What a parent of a special needs child wishes her friends knew:



This is a guest post contributed by parent Allison Combs. The Combs have been married for 10 years and have two children ages 8 & 6. Their son was born at 32 weeks and later was diagnosed with Cerebral Palsy.

1. We feel alone. Please don’t intentionally or unintentionally exclude us or our children from activities with your children. Your children may be the only children that they can learn to develop friendships with. If a social situation doesn’t seem appropriate for our child, leave it to us to decide whether to attend or not.

2. Please don’t feel uncomfortable around us or our family because you don’t understand. Half the time we don’t understand either, but we need the sense of normalness that your friendship provides.

3. Let your children ask questions. It’s totally ok with us and we love answering and educating your children that ours aren’t that different from yours.

4. Sometimes we feel like venting about things we know you don’t understand. And it’s ok if you don’t know what to say. Just being a friend with an ear is all we need at times.

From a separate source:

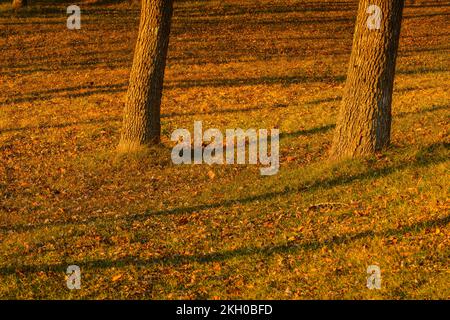 Troncs d'arbres dans un parc, Grand Sudbury, Ontario, Canada Banque D'Images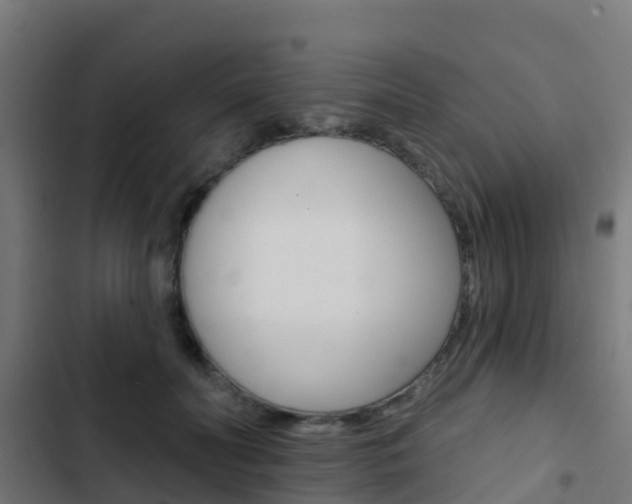 X0000103420606200809121014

5. Our parenting situation isn’t all that different from yours. It’s still parenting and it’s still kids, we just have some extra things attached to our lifestyle.

6. Even though our lives may seem impossible at times (trust me we feel that way too!) we wouldn’t change a thing. If anything our special child has taught us so much about life, happiness, really appreciating the small miracles of everyday things. It actually makes us feel pretty damn lucky that we get to really appreciate all this that you may take for granted.

7. We get jealous. Yes I’ll admit that when I see a 1 year say or do something my 6 year old can’t do or say it sucks! Oh but when my 6 year old still does the sweet wonderful things that a typical child has long ago stopped doing, such as cuddling, petting my hair and looking at me with the most adoring eyes, it makes me appreciate my life anew every single day.

8. We are tired. And if I may not join in the monthly girls nights out, or miss a few social happenings it doesn’t mean I’m being a bad friend. It just means I may need some down time, or we have so much going on with therapies doctors appointments etc. But please don’t give up on us. We still love you and still need your friendship.

9. We worry. We worry all the time. About doctors, school, the future. And it’s ok. We know our future is yet to reveal itself, it’s all wait and see. And we know you know that too, and it’s ok to talk about it.